Or do you mean a normal subplot consisting of several (in principle not connected) plots in a single graphic? Those are also supported, but their use is not perfectly nice yet. One has to make use of ginger functionality directly.

An example inspired by: https://staff.fnwi.uva.nl/r.vandenboomgaard/SP20162017/SystemsSignals/plottingsignals.html

import ggplotnim, seqmath, math, sequtils, complex, ginger
let t = linspace(-0.02, 0.05, 1000)
let y1 = t.mapIt(exp(im(2'f64) * Pi * 50 * it).re)
let y2 = t.mapIt(exp(im(2'f64) * Pi * 50 * it).im)
let df = seqsToDf({ "t" : t,
                    "Re x(t)" : y1,
                    "Im x(t)" : y2 })
let plt1 = ggcreate(
  ggplot(df, aes("t", "Re x(t)")) +
    geom_line() +
    xlim(-0.02, 0.05) +
    ggtitle("Real part of x(t)=e^{j 100 π t}"),
  width = 800, height = 300
)
let plt2 = ggcreate(
  ggplot(df, aes("t", "Im x(t)")) +
    geom_line() +
    xlim(-0.02, 0.05) +
    ggtitle("Imaginary part of x(t)=e^{j 100 π t}"),
  width = 800, height = 300
)
# combine both into a single viewport to draw as one image
var plt = initViewport(wImg = 800, hImg = 600)#wImg = 800.0, hImg = 800)
plt.layout(1, rows = 2)
# embed the finished plots into the the new viewport
plt.embedAt(0, plt1.view)
plt.embedAt(1, plt2.view)
plt.draw("real_imag_subplot.pdf")

Which produces the following plot: https://gist.github.com/Vindaar/5292d4d9b8fb667e3eb27061627dbbfe#gistcomment-3225762

Another example can be found here: https://gist.github.com/Vindaar/fc158afbc75627260aed90264398e473

If you have something else in mind, let me know!

didlybom (orginal) [2020-03-25T09:35:10+01:00] view original

Thank you for your detailed explanation of the current situation and how you got there.
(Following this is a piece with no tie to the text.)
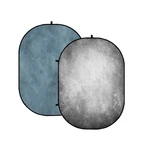 Kate Collapsible Double Side Backdrops Grey/blue Retro Professional .... Fixed Price $130.07.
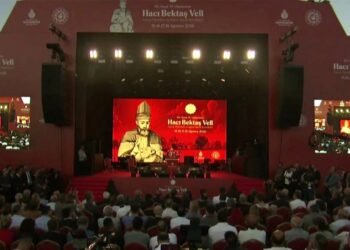 Hatimoğulları Hacı Bektaş Veli Törenleri’nde: Ortak mücadelenin kapıları açıldı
I hope you can find a way to improve the interoperability story of this promising library.

Regarding the performance of the library I’d say that to me the most important requirement is to be able to plot huge amounts of data. Ideally, hundreds of thousands, even millions of points should not be a problem and should not take more than a few seconds to plot (the less time the better of course :-) ). Being able to update the plot a few times per second (with a reasonably small dataset and simple plot) would be nice too (but not need to achieve tens of FPS or something like that IMHO).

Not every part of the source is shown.